◆ **ABOUT THIS TASK**:
An exact copy of the entries below is needed, with every picture left out.

[Captioned web image data]
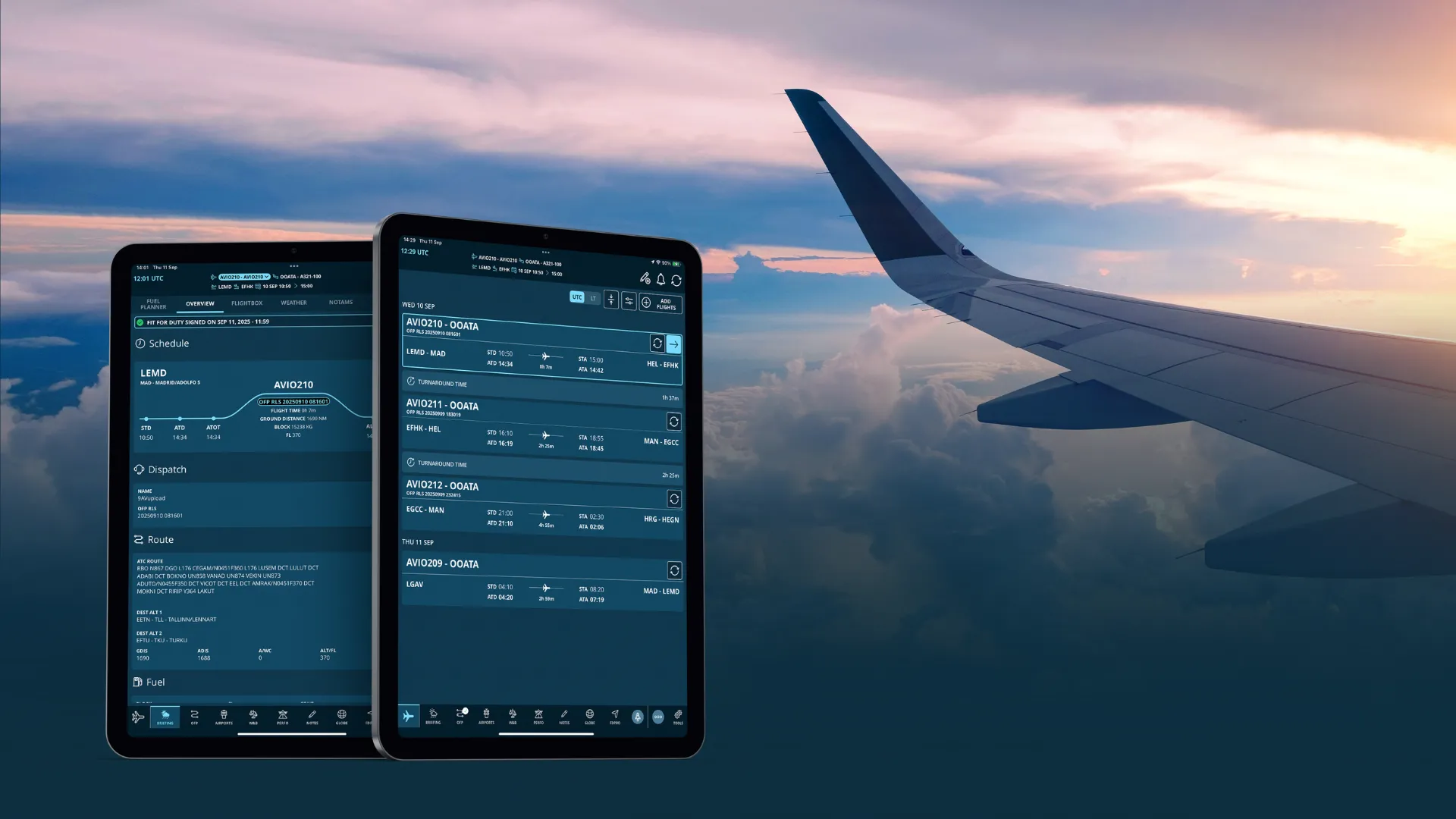 Thales Partners with Royal Air Maroc to Elevate Digital Flight Operations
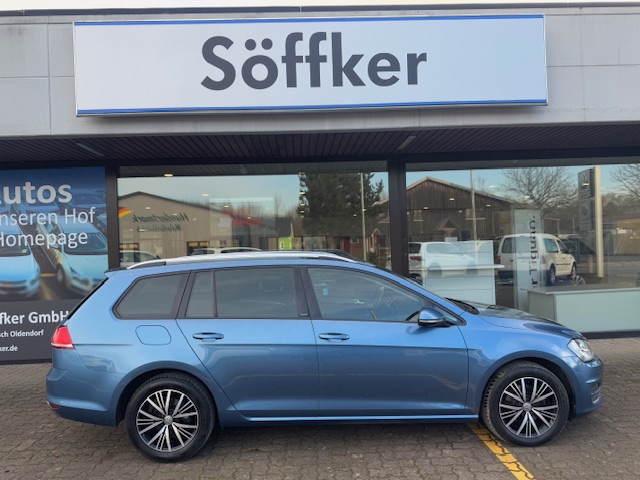 Golf Variant Allstar Golf Variant 2.0 TDI Allsta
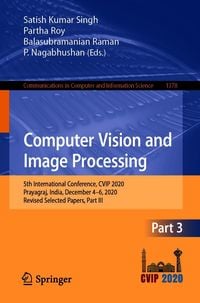 Produktbild: Computer Vision and Image Processing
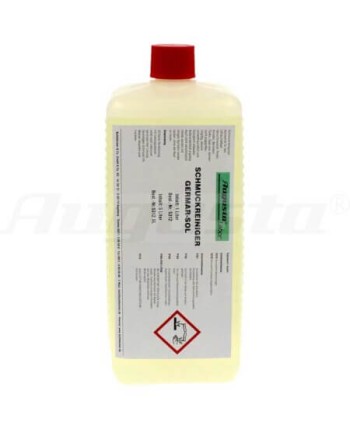 AUGUSTA GERMAR SOL – Nettoyant ultrasons bijoux concentré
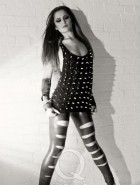 Cheryl Tweedy q magazine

◆ **ANSWER SECTION**:
 Thales Partners with Royal Air Maroc to Elevate Digital Flight Operations
 Golf Variant Allstar Golf Variant 2.0 TDI Allsta
 Produktbild: Computer Vision and Image Processing
 AUGUSTA GERMAR SOL – Nettoyant ultrasons bijoux concentré
 Cheryl Tweedy q magazine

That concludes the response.